La Motivazione della Corte
La Corte di cassazione ha esaminato congiuntamente il primo e il sesto motivo, entrambi relativi al vizio di motivazione di cui all’art. 360, comma 1, n. 5, c.p.c., dichiarandoli inammissibili. Richiamando l’art. 348-ter, commi 4 e 5, c.p.c., applicabile ratione temporis, ha precisato che la disposizione preclude la deduzione del vizio di motivazione nel ricorso avverso la sentenza di appello che confermi la decisione di primo grado sulla base delle stesse ragioni di fatto. Tale disciplina si applica anche al giudizio tributario di legittimità, che non presenta connotazioni di specialità ai sensi dell’art. 62 d.lgs. n. 546/1992. Il ricorrente, infatti, non aveva dedotto né dimostrato alcuna differenza tra le due pronunce di merito, entrambe di rigetto.
Quanto al secondo motivo, concernente il preteso travisamento del contenuto degli estratti conto bancari, la Corte ha chiarito che l’errore di percezione della prova documentale, qualora non abbia costituito oggetto di discussione tra le parti nei gradi di merito, trova il suo rimedio istituzionale nella revocazione per errore di fatto ex art. 395, n. 4, c.p.c., e non può essere dedotto in sede di legittimità. Ha inoltre rilevato che la CTR non aveva affatto fondato la decisione sull’errore percettivo denunciato, avendo correttamente considerato i tre giroconti come somme in entrata.

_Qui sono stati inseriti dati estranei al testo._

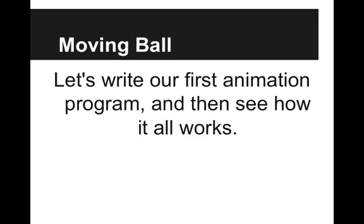The first animation program that we're going to write is going to be a moving ball. So we're going to write that and then see how it all works. Let's go into our code editor.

Il terzo motivo, relativo alla violazione dell’art. 32, comma 1, n. 2, d.P.R. n. 600/1973 e dell’art. 2697 c.c., è stato reputato infondato. La Corte ha ribadito che la norma introduce una presunzione legale relativa della natura reddituale sia dei versamenti sia dei prelevamenti dai conti correnti, gravando sul contribuente l’onere di dimostrare che i movimenti non si riferiscono ad operazioni imponibili. Quanto alla dedotta violazione delle regole sull’onere della prova, il ricorrente sollecitava in realtà un inammissibile riesame del merito, avendo la CTR espresso una valutazione del materiale probatorio non sindacabile in sede di legittimità.
Infine, il quarto e il quinto motivo, concernenti l’omessa pronuncia ex art. 112 c.p.c. su asseriti motivi di appello, sono stati rigettati: la CTR aveva infatti pronunciato espressamente, motivandole, su entrambe le censure, richiamando le prove testimoniali e la mancata dimostrazione dei costi deducibili da parte del contribuente. Il ricorso è stato pertanto respinto, con condanna del ricorrente al pagamento delle spese e all’ulteriore versamento del contributo unificato.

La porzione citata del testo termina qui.